--- Assignment ---
Could you repeat, exactly and with no pictures, only the lines from the start of the records through the line containing "AINOPE 10Gbps Micro"?

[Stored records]
+ + +

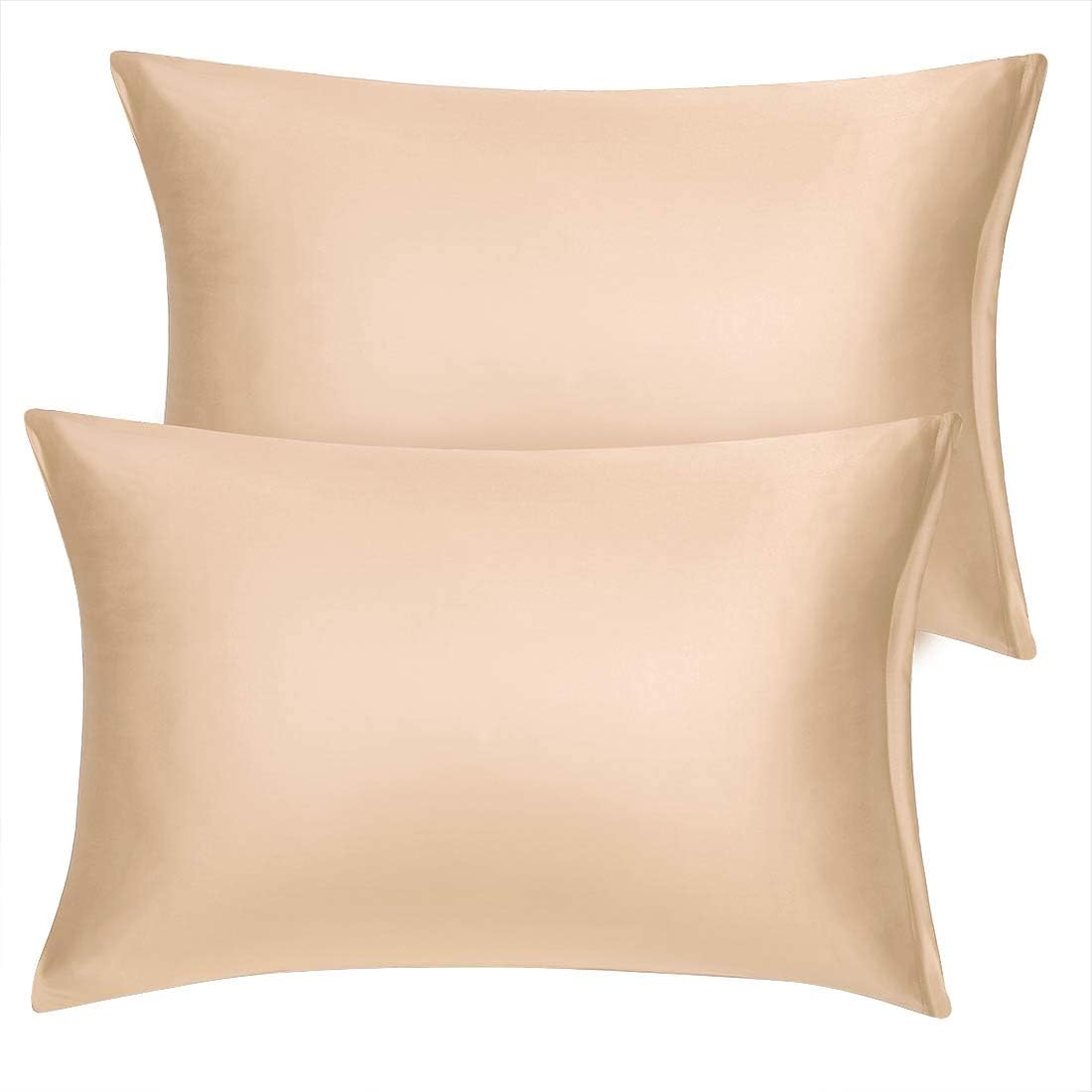 uxcell Standard Satin Pillowcase with Zipper, Super Soft and Luxury, Silky Pillow Cases Covers Set of 2, 21"x27", Champagne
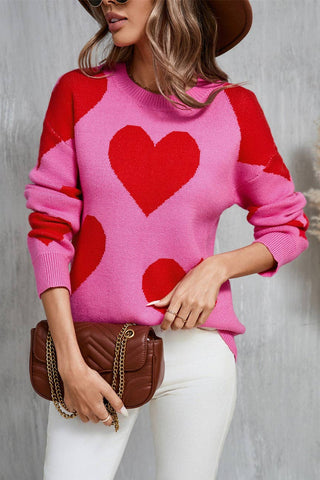 Heart Knit Sweater Pink Red Pre Order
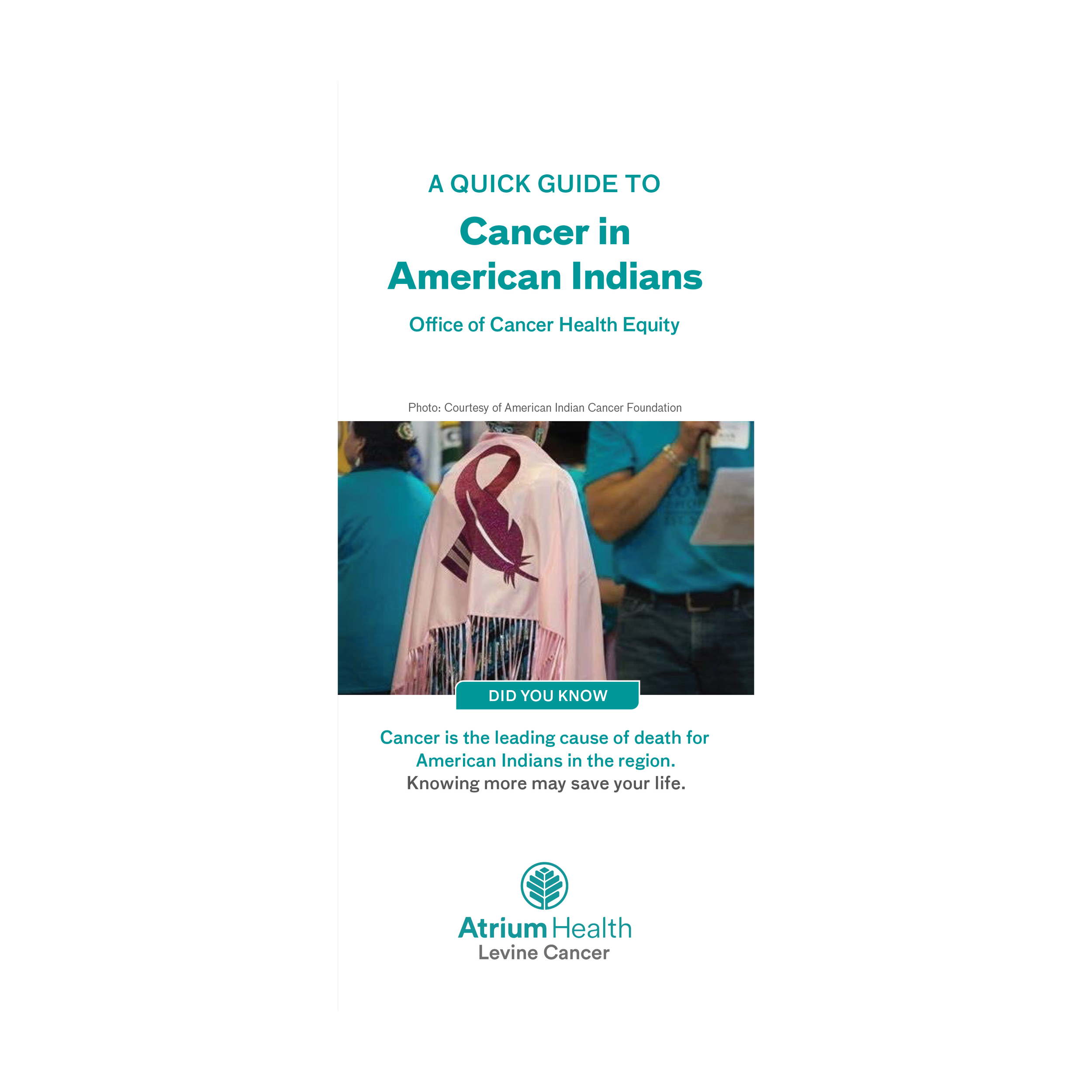 Atrium Health: A Quick Guide to Cancer in American Indians brochure cover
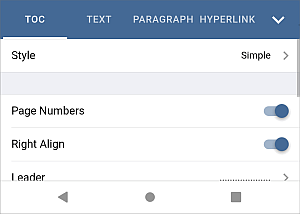 Adjust table of contents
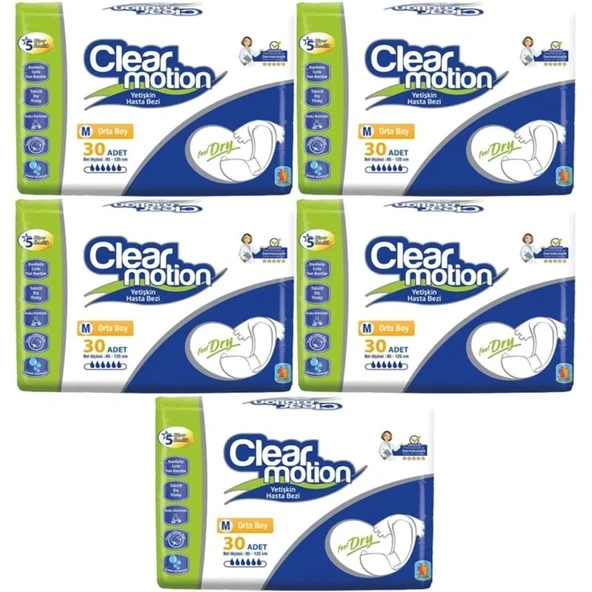 Clearmotion Yetişkin Bezi Bel Bantlı M - Orta - Medium 150 Adet (5PK*30) ürün görseli 1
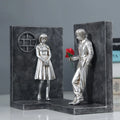 Creative Banksy Resin L-shaped European Style Boy and Girl Figurines Bookend Ornaments Living Room Decor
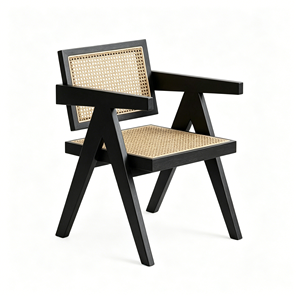 <b>Vintage</b> Rattan Woven Armchair, Solid Wood <b>Frame</b> Dining Chair, Ergonomic Side Chair for Living Room Kitchen - Product Image 3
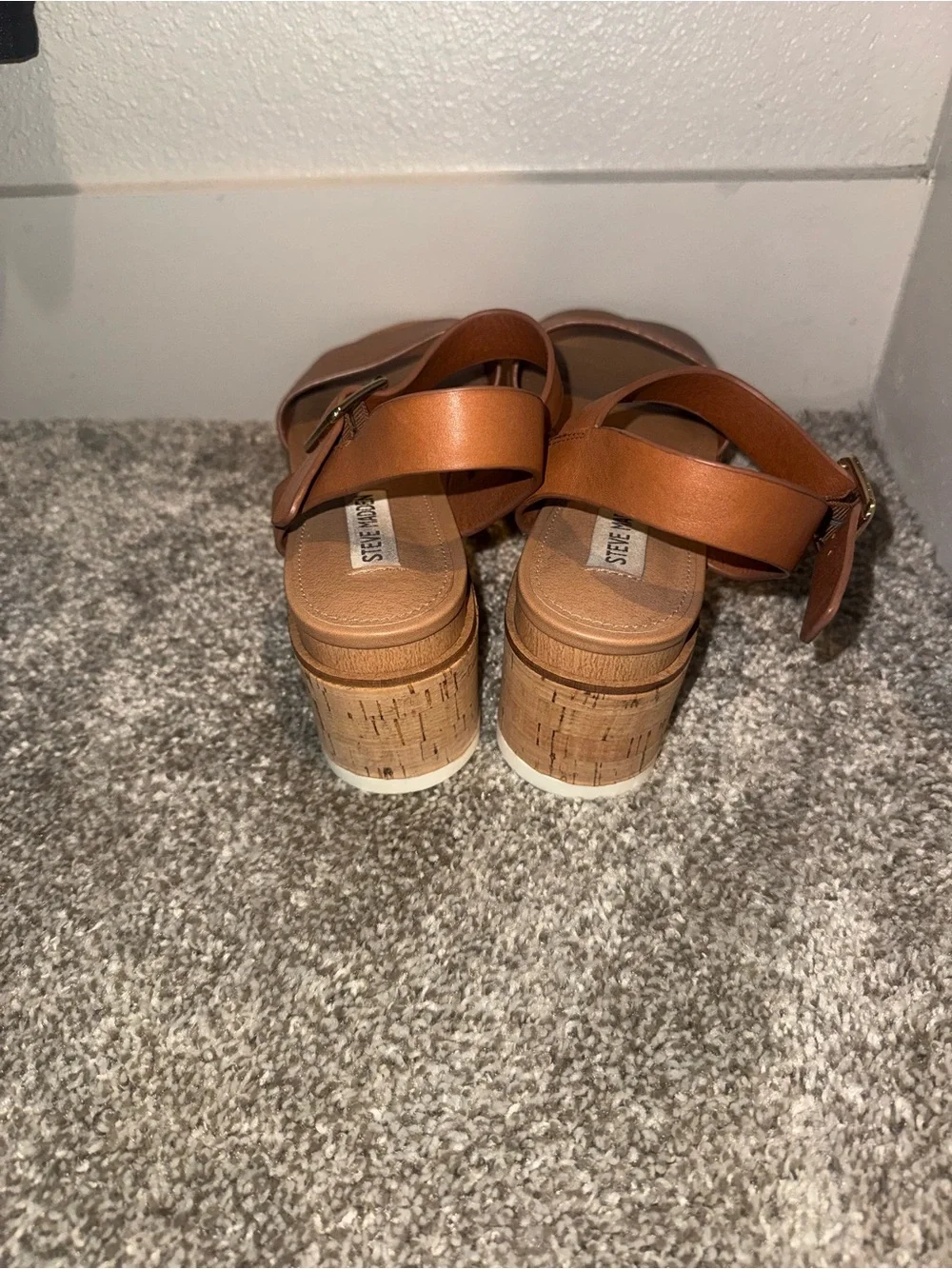 Steve Madden Brown Leather Wide Strap Ankle Buckle Sandals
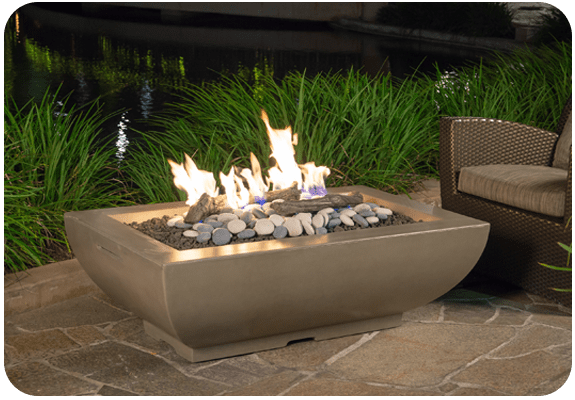 American Fyre Designs Bordeaux Rectangle Gas Fire Bowl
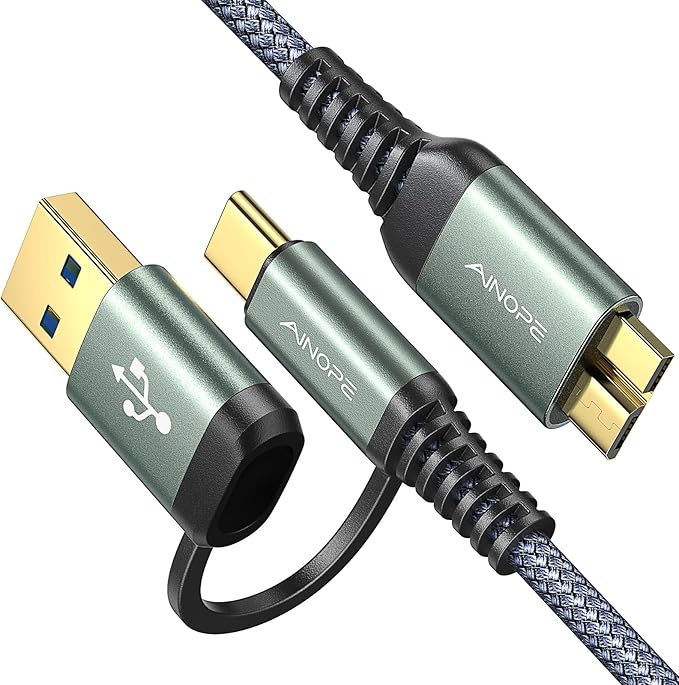 AINOPE 10Gbps Micro B to USB C External Hard Drive Cable 1.5FT, Nylon Braided by AINOPE10yearsforphoneaccessories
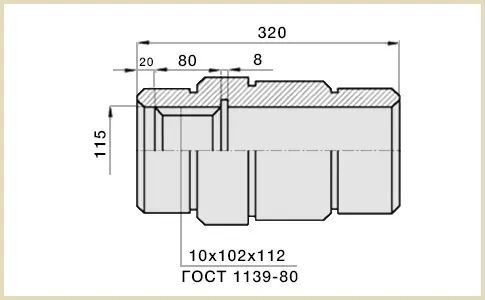 Чертеж тихоходного вала редуктора ГПШ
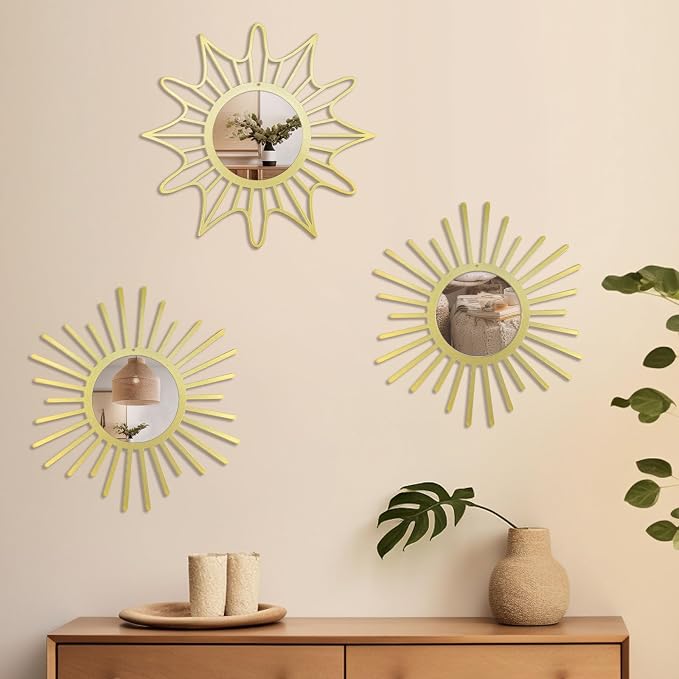 OYEFLY Sunburst Mirrors for Wall Decor 3 Pack Sun Mirror Wall Art Living Room Bedroom Entryway Boho Metal 12 Inch Gold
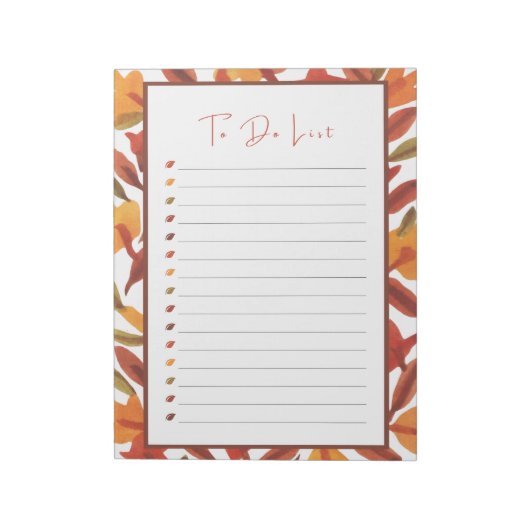 Herfst Leaf To Do List Notitieblok (Linkerzijde)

+ + +

--- Response to the exercise ---
 uxcell Standard Satin Pillowcase with Zipper, Super Soft and Luxury, Silky Pillow Cases Covers Set of 2, 21"x27", Champagne
 Heart Knit Sweater Pink Red Pre Order
 Atrium Health: A Quick Guide to Cancer in American Indians brochure cover
 Adjust table of contents
 Clearmotion Yetişkin Bezi Bel Bantlı M - Orta - Medium 150 Adet (5PK*30) ürün görseli 1
 Creative Banksy Resin L-shaped European Style Boy and Girl Figurines Bookend Ornaments Living Room Decor
 <b>Vintage</b> Rattan Woven Armchair, Solid Wood <b>Frame</b> Dining Chair, Ergonomic Side Chair for Living Room Kitchen - Product Image 3
 Steve Madden Brown Leather Wide Strap Ankle Buckle Sandals
 American Fyre Designs Bordeaux Rectangle Gas Fire Bowl
 AINOPE 10Gbps Micro B to USB C External Hard Drive Cable 1.5FT, Nylon Braided by AINOPE10yearsforphoneaccessories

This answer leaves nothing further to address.